# Chapter 4: Sampling, Uniqueness, and Sequential Bootstrap
AFML focus: overlap-aware sampling for robust model training.


In [1]:
import math
import matplotlib.pyplot as plt
import polars as pl
import openquant
import sys
from pathlib import Path
sys.path.insert(0, str(Path('notebooks/python/scripts').resolve()))
from afml_chapter_utils import (
    fetch_panel,
    simple_returns,
    probs_and_sides_from_momentum,
    timestamps_from_dates,
    lag_corr,
    fracdiff_ffd,
)

panel = fetch_panel(window=900)
dates = panel['date'].to_list()
uso = panel['USO'].to_list()
uso_ret = simple_returns(uso)
probs, sides = probs_and_sides_from_momentum(uso)
timestamps = timestamps_from_dates(dates)
asset_names = ['USO', 'BNO', 'XLE', 'GLD', 'UNG']
asset_prices = panel.select(asset_names).rows()
print('rows', panel.height, 'range', dates[0], dates[-1])

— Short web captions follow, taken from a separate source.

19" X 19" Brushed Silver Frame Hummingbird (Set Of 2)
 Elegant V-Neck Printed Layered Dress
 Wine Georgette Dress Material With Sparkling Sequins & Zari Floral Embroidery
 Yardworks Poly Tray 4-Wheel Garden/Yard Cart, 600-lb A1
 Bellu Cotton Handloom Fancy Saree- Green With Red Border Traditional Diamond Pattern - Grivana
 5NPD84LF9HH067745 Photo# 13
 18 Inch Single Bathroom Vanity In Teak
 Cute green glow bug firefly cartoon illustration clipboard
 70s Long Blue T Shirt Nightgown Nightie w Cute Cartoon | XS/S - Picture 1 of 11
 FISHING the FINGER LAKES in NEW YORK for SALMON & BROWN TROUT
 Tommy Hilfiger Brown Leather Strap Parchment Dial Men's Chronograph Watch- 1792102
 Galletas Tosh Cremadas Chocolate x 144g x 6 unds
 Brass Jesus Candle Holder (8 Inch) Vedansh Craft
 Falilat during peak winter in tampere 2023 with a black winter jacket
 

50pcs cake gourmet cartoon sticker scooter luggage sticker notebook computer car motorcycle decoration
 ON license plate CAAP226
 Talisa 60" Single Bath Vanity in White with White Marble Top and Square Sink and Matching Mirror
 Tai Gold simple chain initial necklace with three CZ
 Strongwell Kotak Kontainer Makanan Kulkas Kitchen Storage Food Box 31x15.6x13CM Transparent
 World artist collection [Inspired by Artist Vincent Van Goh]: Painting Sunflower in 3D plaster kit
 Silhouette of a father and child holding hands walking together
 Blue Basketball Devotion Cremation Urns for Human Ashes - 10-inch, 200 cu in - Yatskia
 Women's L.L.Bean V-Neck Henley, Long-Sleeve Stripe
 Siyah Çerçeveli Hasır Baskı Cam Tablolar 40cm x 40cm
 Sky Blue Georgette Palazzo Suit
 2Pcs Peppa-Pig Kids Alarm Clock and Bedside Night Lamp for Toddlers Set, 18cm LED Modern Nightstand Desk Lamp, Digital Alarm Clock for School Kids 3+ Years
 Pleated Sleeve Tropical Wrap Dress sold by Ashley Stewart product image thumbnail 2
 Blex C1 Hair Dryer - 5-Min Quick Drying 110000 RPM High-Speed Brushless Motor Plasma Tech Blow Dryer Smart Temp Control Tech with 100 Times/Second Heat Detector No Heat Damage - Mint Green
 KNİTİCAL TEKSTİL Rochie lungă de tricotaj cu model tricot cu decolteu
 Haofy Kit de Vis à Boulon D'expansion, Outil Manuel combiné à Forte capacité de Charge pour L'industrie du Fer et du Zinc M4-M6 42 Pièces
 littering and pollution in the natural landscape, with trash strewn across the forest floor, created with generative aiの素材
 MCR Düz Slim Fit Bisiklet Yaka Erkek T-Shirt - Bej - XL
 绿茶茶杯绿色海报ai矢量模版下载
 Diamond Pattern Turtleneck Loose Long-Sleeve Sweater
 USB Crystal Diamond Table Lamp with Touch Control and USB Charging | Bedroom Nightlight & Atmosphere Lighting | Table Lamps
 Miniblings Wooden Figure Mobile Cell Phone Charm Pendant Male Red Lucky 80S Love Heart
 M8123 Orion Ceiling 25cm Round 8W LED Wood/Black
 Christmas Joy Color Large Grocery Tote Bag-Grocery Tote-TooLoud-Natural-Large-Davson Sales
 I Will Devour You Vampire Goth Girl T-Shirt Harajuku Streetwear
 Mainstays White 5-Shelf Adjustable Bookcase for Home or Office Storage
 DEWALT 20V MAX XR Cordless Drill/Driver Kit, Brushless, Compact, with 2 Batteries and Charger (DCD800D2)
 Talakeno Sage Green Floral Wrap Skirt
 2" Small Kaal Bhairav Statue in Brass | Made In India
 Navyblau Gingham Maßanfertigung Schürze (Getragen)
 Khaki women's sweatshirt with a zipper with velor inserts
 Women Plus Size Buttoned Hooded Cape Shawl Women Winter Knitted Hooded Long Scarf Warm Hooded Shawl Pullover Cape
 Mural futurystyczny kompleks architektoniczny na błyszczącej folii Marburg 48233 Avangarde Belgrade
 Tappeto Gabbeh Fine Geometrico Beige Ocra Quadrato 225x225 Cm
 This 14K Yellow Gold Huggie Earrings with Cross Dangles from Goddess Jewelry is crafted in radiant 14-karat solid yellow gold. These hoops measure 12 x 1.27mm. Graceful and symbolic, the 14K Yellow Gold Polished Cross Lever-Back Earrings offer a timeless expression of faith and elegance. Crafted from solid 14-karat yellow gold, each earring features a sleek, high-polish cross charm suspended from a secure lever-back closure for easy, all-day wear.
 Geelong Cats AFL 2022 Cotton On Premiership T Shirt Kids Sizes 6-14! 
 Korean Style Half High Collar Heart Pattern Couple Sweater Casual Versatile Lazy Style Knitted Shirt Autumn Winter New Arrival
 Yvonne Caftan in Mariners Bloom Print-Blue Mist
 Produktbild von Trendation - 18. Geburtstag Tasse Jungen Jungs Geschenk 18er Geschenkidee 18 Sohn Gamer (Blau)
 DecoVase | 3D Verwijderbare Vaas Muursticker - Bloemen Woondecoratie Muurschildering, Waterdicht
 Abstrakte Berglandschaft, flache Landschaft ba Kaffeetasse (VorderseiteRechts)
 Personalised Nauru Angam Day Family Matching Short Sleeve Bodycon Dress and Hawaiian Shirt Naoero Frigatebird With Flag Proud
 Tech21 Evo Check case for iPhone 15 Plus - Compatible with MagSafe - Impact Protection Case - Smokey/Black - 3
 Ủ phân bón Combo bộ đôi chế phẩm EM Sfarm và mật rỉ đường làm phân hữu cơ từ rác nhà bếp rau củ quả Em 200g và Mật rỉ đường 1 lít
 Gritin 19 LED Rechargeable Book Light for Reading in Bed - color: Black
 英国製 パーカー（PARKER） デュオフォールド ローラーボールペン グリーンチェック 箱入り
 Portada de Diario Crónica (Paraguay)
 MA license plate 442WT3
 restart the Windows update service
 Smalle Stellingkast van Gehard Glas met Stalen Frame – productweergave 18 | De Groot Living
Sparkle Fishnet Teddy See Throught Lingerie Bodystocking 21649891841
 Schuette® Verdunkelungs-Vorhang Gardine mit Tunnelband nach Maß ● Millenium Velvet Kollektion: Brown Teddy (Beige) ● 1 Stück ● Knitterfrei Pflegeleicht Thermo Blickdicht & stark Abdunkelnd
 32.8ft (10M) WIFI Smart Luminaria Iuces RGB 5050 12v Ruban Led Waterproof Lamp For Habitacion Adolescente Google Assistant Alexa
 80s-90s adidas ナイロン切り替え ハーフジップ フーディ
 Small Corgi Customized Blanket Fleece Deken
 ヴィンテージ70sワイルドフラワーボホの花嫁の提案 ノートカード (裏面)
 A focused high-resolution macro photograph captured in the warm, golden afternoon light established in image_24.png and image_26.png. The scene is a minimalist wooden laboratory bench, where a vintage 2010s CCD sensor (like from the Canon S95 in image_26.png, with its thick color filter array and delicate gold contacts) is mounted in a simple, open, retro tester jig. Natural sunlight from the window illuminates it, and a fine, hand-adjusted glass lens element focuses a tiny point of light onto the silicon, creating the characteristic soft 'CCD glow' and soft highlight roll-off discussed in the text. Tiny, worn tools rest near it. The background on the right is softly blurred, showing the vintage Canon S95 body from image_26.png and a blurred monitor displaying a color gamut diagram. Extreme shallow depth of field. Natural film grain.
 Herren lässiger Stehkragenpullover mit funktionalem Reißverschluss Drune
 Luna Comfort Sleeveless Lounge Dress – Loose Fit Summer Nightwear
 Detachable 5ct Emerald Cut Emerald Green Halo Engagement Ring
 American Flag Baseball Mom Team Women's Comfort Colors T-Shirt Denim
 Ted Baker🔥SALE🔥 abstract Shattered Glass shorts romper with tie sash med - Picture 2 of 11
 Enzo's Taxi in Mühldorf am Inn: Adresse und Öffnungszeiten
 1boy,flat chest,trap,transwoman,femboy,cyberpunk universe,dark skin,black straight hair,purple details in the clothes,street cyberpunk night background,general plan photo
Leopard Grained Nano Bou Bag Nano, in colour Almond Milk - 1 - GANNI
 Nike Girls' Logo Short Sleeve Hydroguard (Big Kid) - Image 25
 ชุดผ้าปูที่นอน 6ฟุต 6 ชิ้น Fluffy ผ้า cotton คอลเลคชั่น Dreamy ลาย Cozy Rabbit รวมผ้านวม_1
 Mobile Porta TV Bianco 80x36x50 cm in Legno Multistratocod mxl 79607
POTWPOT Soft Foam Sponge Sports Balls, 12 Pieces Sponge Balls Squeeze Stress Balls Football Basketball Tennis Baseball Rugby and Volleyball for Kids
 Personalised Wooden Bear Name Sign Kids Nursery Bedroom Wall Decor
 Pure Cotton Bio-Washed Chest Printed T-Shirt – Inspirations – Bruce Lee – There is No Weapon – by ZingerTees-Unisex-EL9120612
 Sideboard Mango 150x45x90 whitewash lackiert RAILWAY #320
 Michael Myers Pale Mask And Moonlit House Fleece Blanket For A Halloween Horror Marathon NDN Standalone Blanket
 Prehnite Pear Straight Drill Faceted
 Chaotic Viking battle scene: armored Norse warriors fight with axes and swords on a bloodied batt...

rows 900 range 2022-07-08 2026-02-06


In [2]:
idx = openquant.filters.cusum_filter_indices(uso, 0.001)
label_endtime = [(i, min(i + 5, len(uso)-1)) for i in idx[:250]]
bar_index = list(range(len(uso)))
ind_mat = openquant.sampling.get_ind_matrix(label_endtime, bar_index)
uniq = openquant.sampling.get_ind_mat_average_uniqueness(ind_mat)
boot = openquant.sampling.seq_bootstrap(ind_mat, sample_length=200, warmup_samples=[0,1])

plt.figure(figsize=(10,4))
plt.hist(boot, bins=30)
plt.title('Chapter 4: Sequential Bootstrap Sample Frequency')
plt.tight_layout()
plt.show()

print('indicator rows', len(ind_mat), 'labels', len(label_endtime), 'avg uniqueness', uniq)


indicator rows 900 labels 250 avg uniqueness 0.1793333333333329


## Interpretation
Average uniqueness quantifies label overlap pressure; sequential bootstrap preferentially samples higher-uniqueness observations.